Therefore, we find that there is no agreement between the Settling Parties on
these matters.  As a result of the Commission's determination with respect to
lack of agreement between the State Team and PSNH, there is nothing in the
Settlement Agreement that would prohibit the Commission from taking action on
these questions in the context of the merger docket.

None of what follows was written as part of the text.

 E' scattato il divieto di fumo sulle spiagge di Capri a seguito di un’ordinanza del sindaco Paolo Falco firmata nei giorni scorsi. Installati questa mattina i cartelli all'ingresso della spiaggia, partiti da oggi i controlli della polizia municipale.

     The Commission also finds that there is insufficient evidence in this
record concerning the details of the proposed merger to resolve the issues
raised by the various parties.  Accordingly, we will defer to Docket DE 00-
009 the particular questions concerning the standard of approval by which the
transaction is to be reviewed and the nature and extent of any conditions
that should be placed on our approval of the merger.  We will take
administrative notice in Docket DE 00-009 of the record in this docket to
preserve the record on these issues.

L.   ASSET DIVESTITURE

     The Commission finds the Settlement Agreement's stated goal of
maximizing the net proceeds realized from the sale of PSNH's power generation
assets and purchased power agreements in order to mitigate stranded costs to
be consistent with the relevant provisions of RSA 374-F and therefore in the
public interest.  However, certain provisions contained in the Settlement
Agreement that specify the manner in which the Settling Parties purport to
achieve the aforementioned goal must be modified, primarily due to events
that have transpired subsequent to the filing of the Settlement Agreement.
Those events include the proposed merger of Consolidated Edison and Northeast
Utilities, as well as PSNH's modified position concerning
the ability of an affiliated entity to bid on PSNH's generation assets.  In
addition, we find it necessary to impose conditions for purposes of clarity
and sound public policy.

1.   Affiliate Bidding, Role Of Independent Consultant, PUC Oversight

     Although the Settlement Agreement (SA at 40:1151) states that "PSNH
affiliates will be entitled to bid in the fossil/hydro asset auction," PSNH
Witness Long testified that the Company would be willing to accept a
condition "to restrict Northeast Utilities from bidding on the plants" and
that this was a "very significant material change."  Ph. II, Tr. Day XVIII,
at 218, 221.  The Commission finds that the public interest would be served
best if PSNH affiliates are precluded from bidding on PSNH's generation
assets.  This ban would also apply to Consolidated Edison companies if its
proposed merger with Northeast Utilities is finalized prior to the initiation
of the divestiture process.

     This approach will promote a fair and non-discriminatory process and
will assist in fostering a truly competitive generation market, unfettered by
concerns over affiliate transactions, self-dealing and related issues.  In
addition, such a prohibition obviates the need for a code of conduct and
heightened Commission oversight, and reduces the administrative burden and
expense associated with divestiture.  Although this approach eliminates one
category of bidders which theoretically could reduce the ultimate purchase
price of the assets, we believe that this potential for impact on the
purchase price is outweighed by the aforementioned benefits of banning
affiliate bidding.

     Because it is not certain that the proposed merger of Consolidated
Edison with Northeast Utilities will receive all necessary approvals - either
prior to the commencement of the asset sale process, or at all - we do not
believe it is appropriate at this juncture to ban Consolidated Edison
companies from bidding on PSNH assets during the pendency of the merger
proceedings. However, the inclusion of a prospective PSNH affiliate into the
asset bidding process raises concerns that we believe can best be addressed
by requiring PSNH to hire an independent consultant to conduct the asset
sale.

     If Consolidated Edison does not intend to bid on PSNH's assets, we find
that an outside consultant will not be necessary and therefore we will permit
PSNH to proceed with divestiture in the manner prescribed by the Settlement
Agreement as modified by this order.  In order to determine whether PSNH must
proceed with hiring an independent consultant for divestiture management, we
direct PSNH to inquire of Consolidated Edison whether any of its companies
intend to bid on PSNH's assets.  PSNH shall furnish the Commission with a
written response from Consolidated Edison no later than two weeks from the
date of this Order.  If Consolidated Edison indicates an intent to bid or an
unwillingness to make its intentions known by the date indicated above, PSNH
must hire an independent contractor that is acceptable to Commission Staff.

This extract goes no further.